# Records excerpted from a collection:
=== Section Start ===

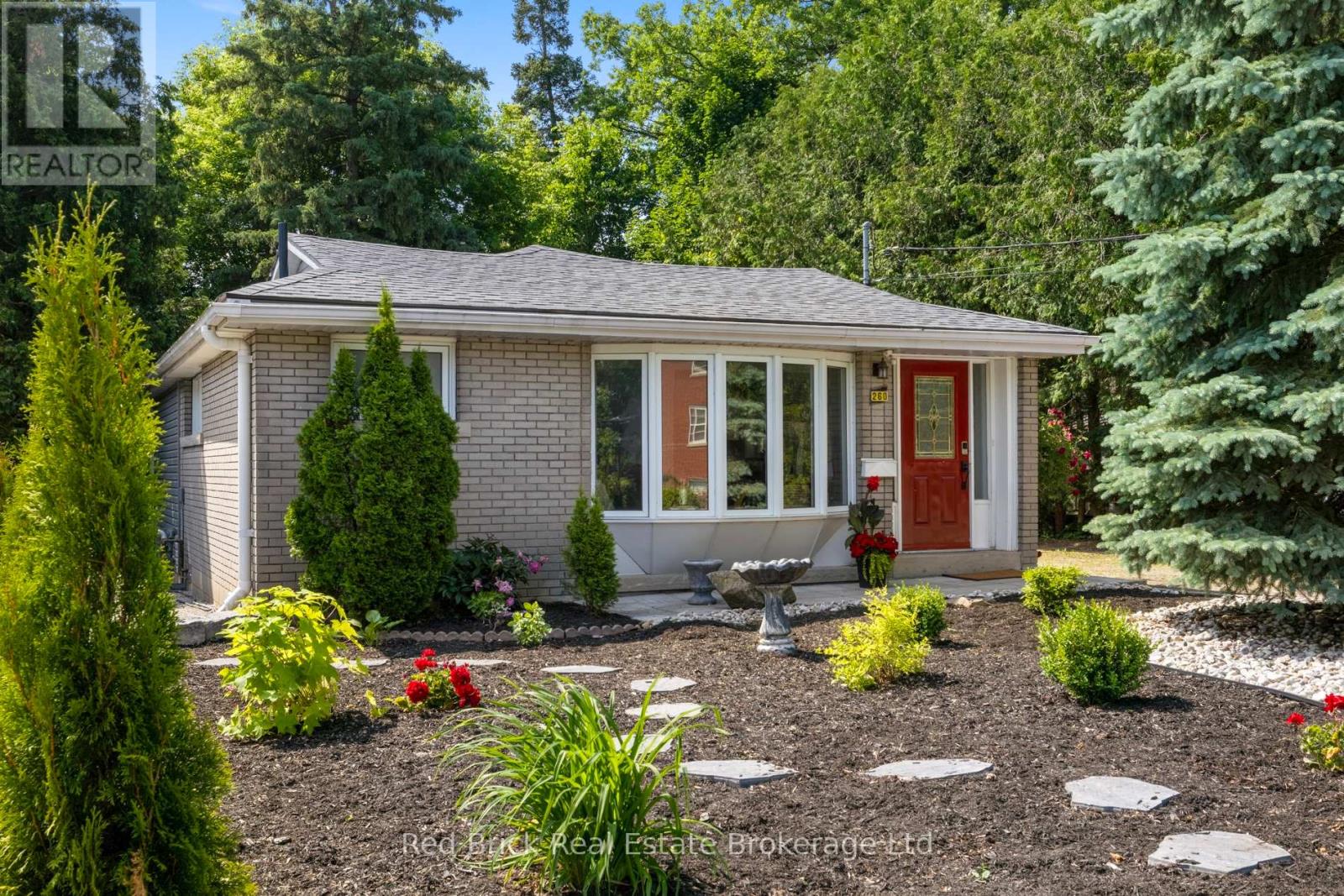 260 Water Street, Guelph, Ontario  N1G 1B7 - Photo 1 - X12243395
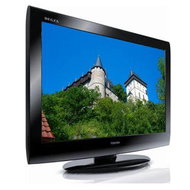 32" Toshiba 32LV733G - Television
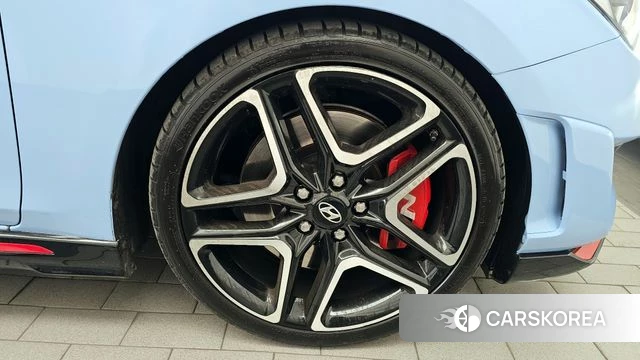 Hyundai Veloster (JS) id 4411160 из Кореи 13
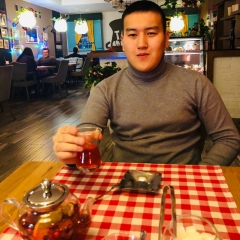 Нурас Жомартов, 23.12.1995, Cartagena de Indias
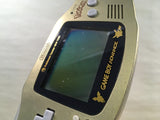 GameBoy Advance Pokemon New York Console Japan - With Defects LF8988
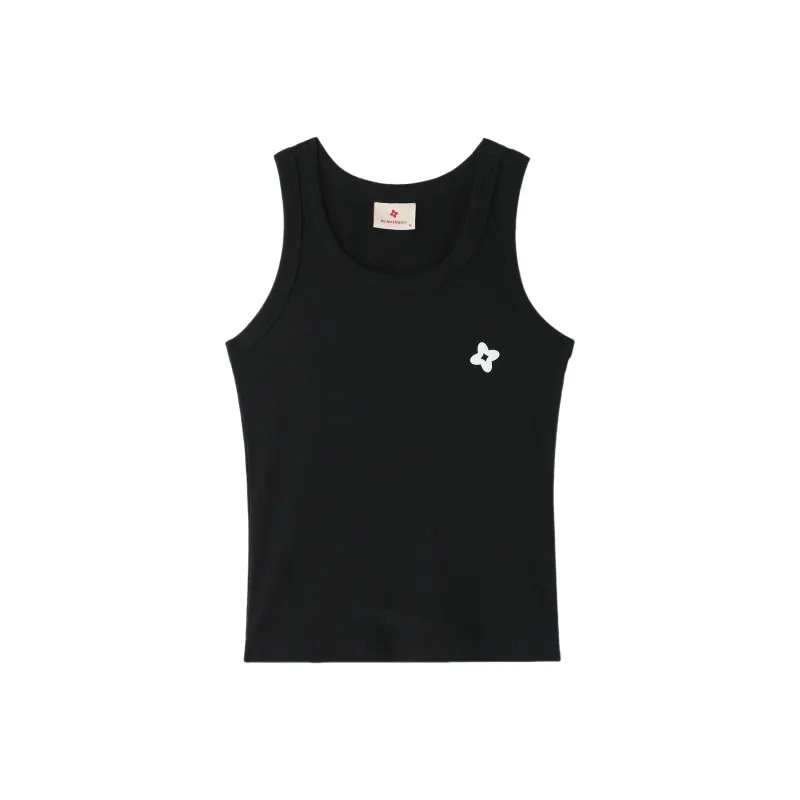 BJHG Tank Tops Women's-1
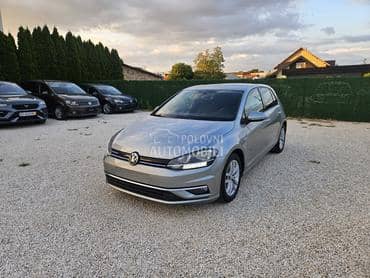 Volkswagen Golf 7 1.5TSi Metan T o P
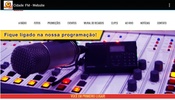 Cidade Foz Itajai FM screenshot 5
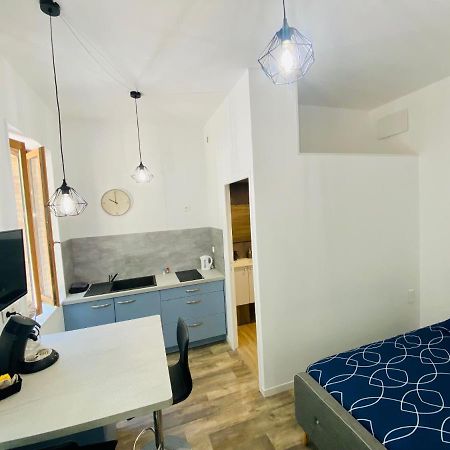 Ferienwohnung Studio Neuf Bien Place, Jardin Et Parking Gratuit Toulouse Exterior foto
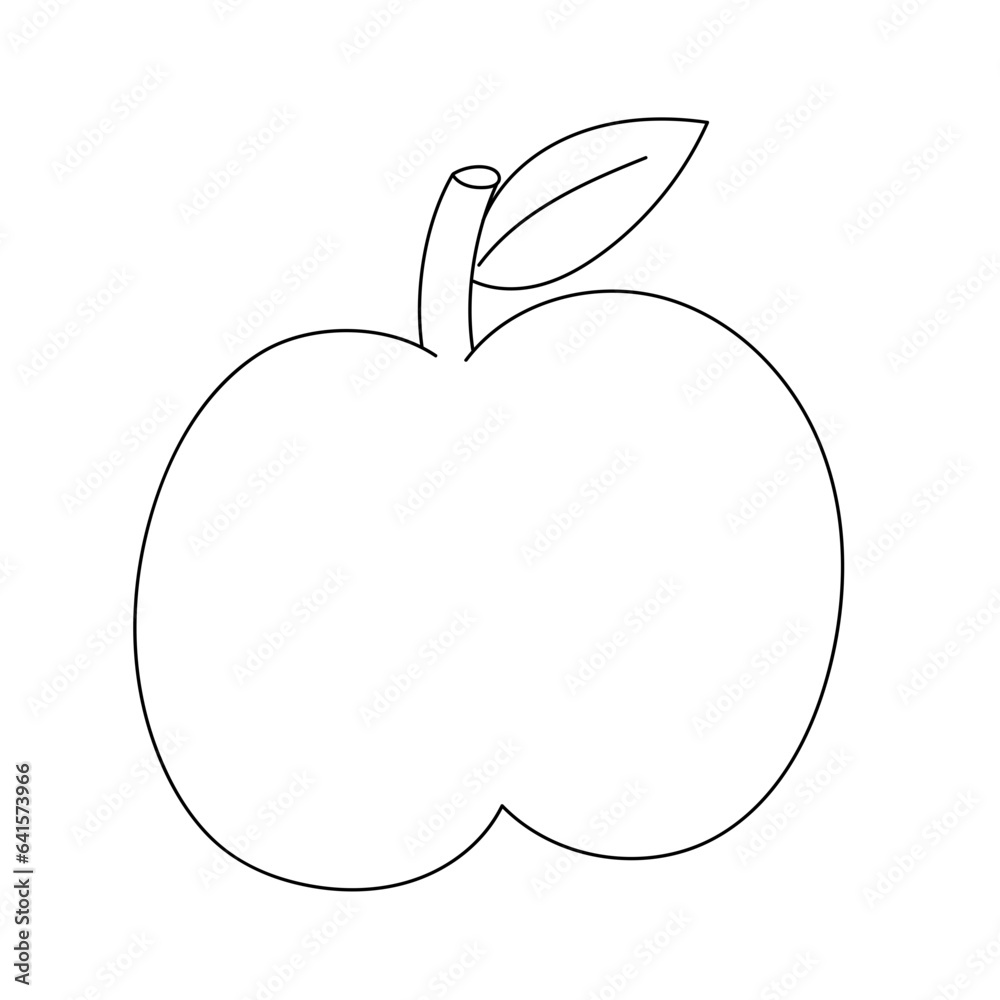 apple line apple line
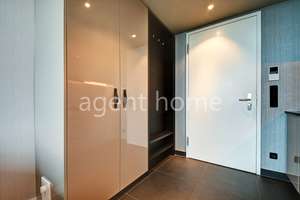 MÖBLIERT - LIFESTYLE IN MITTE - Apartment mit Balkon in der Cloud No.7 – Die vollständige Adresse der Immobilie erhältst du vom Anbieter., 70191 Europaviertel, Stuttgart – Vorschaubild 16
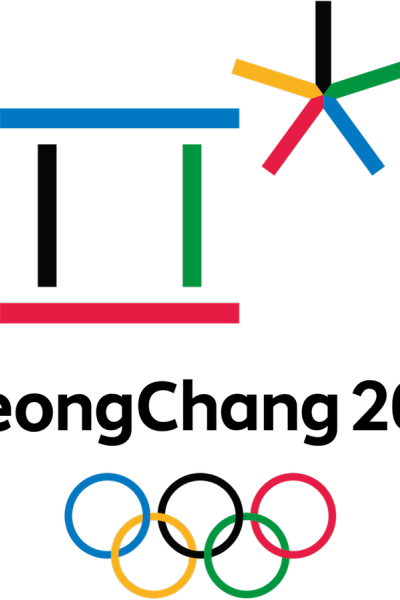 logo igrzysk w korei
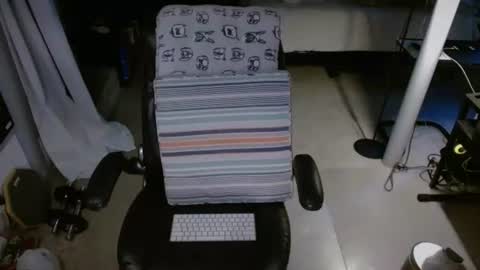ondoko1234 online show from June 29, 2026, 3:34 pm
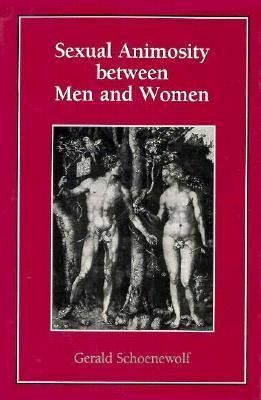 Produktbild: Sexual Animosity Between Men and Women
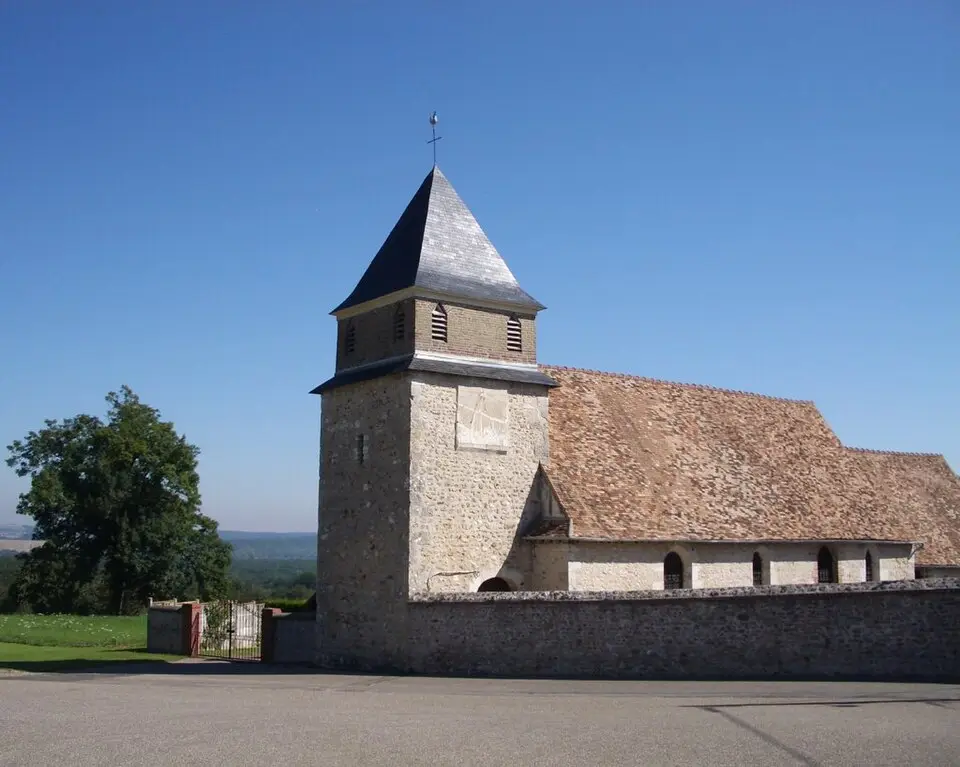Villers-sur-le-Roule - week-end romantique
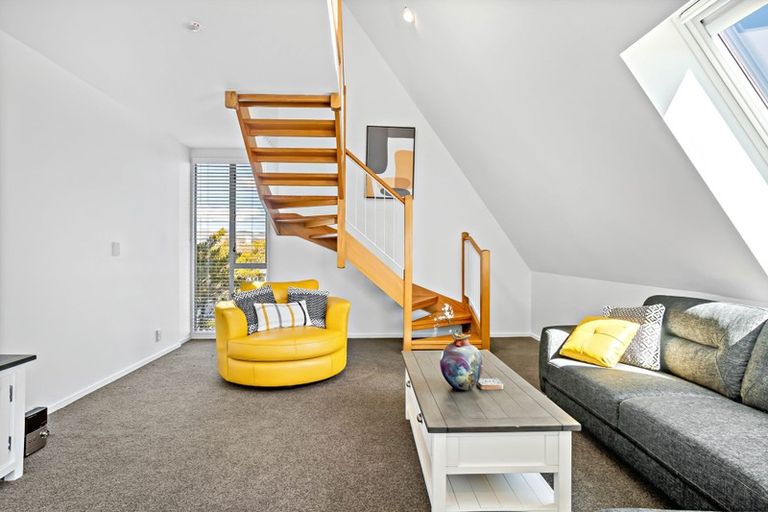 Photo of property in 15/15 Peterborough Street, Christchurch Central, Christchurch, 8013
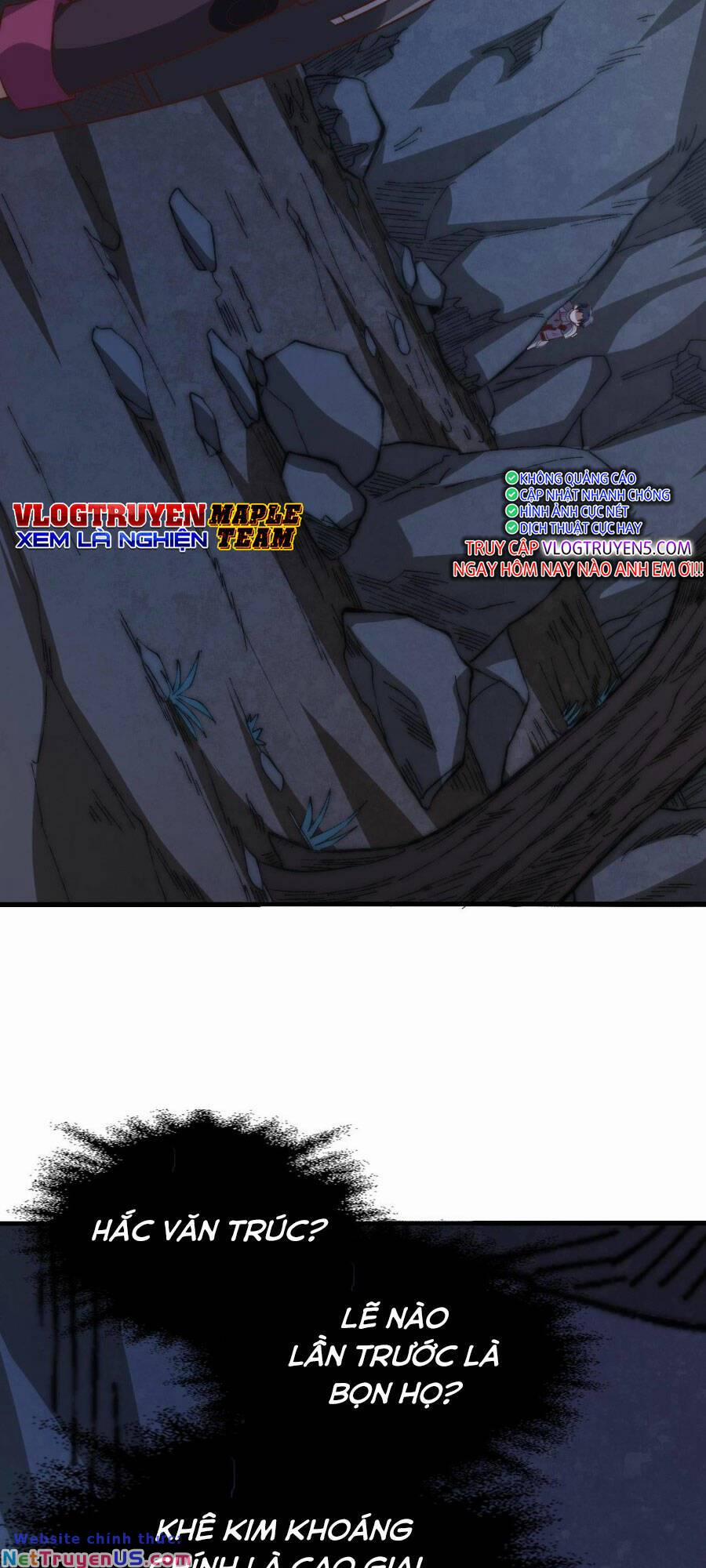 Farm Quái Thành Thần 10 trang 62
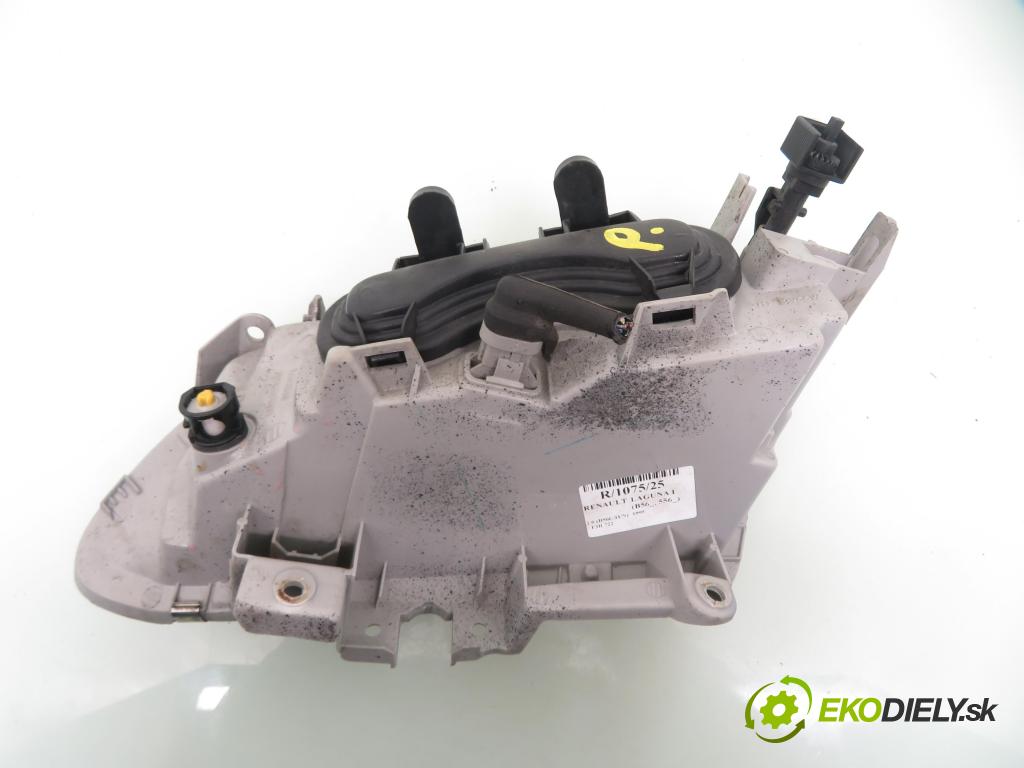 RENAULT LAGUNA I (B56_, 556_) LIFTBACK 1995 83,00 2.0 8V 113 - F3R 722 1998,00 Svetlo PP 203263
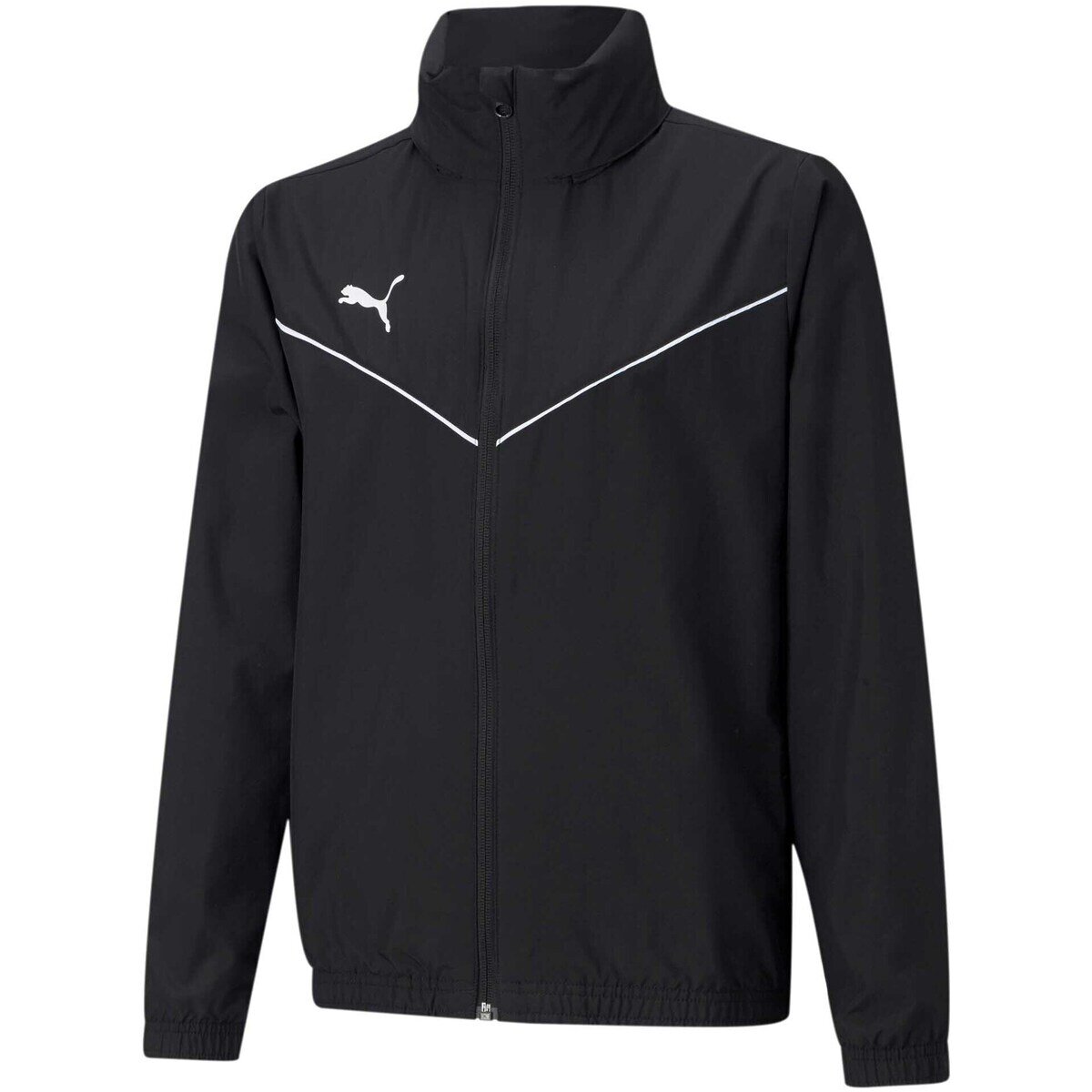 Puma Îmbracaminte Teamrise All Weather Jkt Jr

=== Section End ===

Look above for the line containing "Нурас Жомартов, 23.12.1995, Cartagena"; output that line and all lines after it through the last one exactly, without the pictures.

 Нурас Жомартов, 23.12.1995, Cartagena de Indias
 GameBoy Advance Pokemon New York Console Japan - With Defects LF8988
 BJHG Tank Tops Women's-1
 Volkswagen Golf 7 1.5TSi Metan T o P
 Cidade Foz Itajai FM screenshot 5
 Ferienwohnung Studio Neuf Bien Place, Jardin Et Parking Gratuit Toulouse Exterior foto
 apple line apple line
 MÖBLIERT - LIFESTYLE IN MITTE - Apartment mit Balkon in der Cloud No.7 – Die vollständige Adresse der Immobilie erhältst du vom Anbieter., 70191 Europaviertel, Stuttgart – Vorschaubild 16
 logo igrzysk w korei
ondoko1234 online show from June 29, 2026, 3:34 pm
 Produktbild: Sexual Animosity Between Men and Women
Villers-sur-le-Roule - week-end romantique
 Photo of property in 15/15 Peterborough Street, Christchurch Central, Christchurch, 8013
 Farm Quái Thành Thần 10 trang 62
 RENAULT LAGUNA I (B56_, 556_) LIFTBACK 1995 83,00 2.0 8V 113 - F3R 722 1998,00 Svetlo PP 203263
 Puma Îmbracaminte Teamrise All Weather Jkt Jr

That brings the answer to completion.